L'innovation pour vivre, ou ne pas mourir !

Xavier Maze-Colboc

"The Circle of Innovation" - Tom PETERS

E-N-F-I-N !!!! Le génialissime Tom Peters a encore frappé. Son dernier livre, paru en novembre 1997 aux USA -et à notre connaissance pas encore sorti en France- reprend les thèmes fondamentaux aux yeux de son auteur : "Comment l'entreprise peut-elle atteindre l'Excellence et y rester ?". Ses 518 pages tracent un canevas de méthodologie et de "philosophie de vie" pour y parvenir. Sa vision globale le place bien au-dessus des modes managériales et le met au même niveau qu'un Peter Drucker ou qu'un Charles Handy avec, cependant, un accent mis sur la pratique.

Il serait bien difficile -et ce n'est pas là l'objet- de résumer la richesse d'un tel ouvrage en quelques lignes.

Cependant, nous partageons plusieurs réflexions. L'innovation est et doit être prépondérante dans une organisation, d'autant plus que l'ouverture des marchés et les technologies de l'information enlèvent nombre de barrières physiques à l'arrivée de compétiteurs. La concurrence étant de plus en plus acharnée (et nous n'avons encore R-I-E-N vu !) parce que mondiale, il est primordial d'agir et de susciter l'envie avant les autres, quitte à cannibaliser le produit "vache à lait" en lançant un nouveau produit, quitte à détruire l'organisation pour lui permettre de renaître.

Mais, l'Innovation n'est pas réservée aux seuls chercheurs et centres de recherche. Elle réside aussi dans les relations tissées entre les partenaires (salariés, clients, fournisseurs, actionnaires…) et dans la redéfinition des processus de travail. Concepts souvent évoqués et rarement mis en pratique parce que bouleversant nos habitudes inspirées du début du siècle (qui a dit que Taylor était mort ???). Tom Peters propose une réelle remise en question des rôles respectifs et des fondements même de l'organisation. La passion, l'imagination, l'inconstance, l'obsession, l'humilité, la patience, l'impatience et la naïveté sont les nouvelles vertus du leader.

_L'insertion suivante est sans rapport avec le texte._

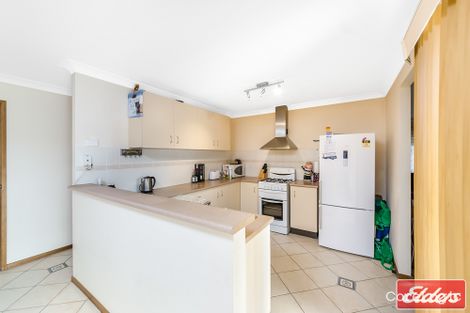 Property photo of 36 Charles Place Mount Annan NSW 2567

La décentralisation totale, le business-ing, l'organisation oubliante… (notez bien ces termes, vous n'avez pas fini de les entendre !) doivent être les nouvelles façons de vivre l'organisation, si l'on veut survivre. Sur quelles forces s'appuyer ? Le client n'est pas un guide pour l'avenir, mais bien une réponse à un positionnement passé. La voie du salut passe d'abord par les salariés de l'organisation, puis par les clients et les fournisseurs : bienvenus dans l'ère de la survie grâce au réseau ! Au manager d'assurer la transparence dans les relations.

Créer le désir devrait être un des prochains leitmotivs de l'organisation, recruter des Michel Angelo (de la logistique, la comptabilité…) et développer les talents devraient être ceux du leader. "Amener les partenaires à découvrir et amplifier leur propre brillance" : nouvelle condition de la performance de l'organisation ? Nous le pensons.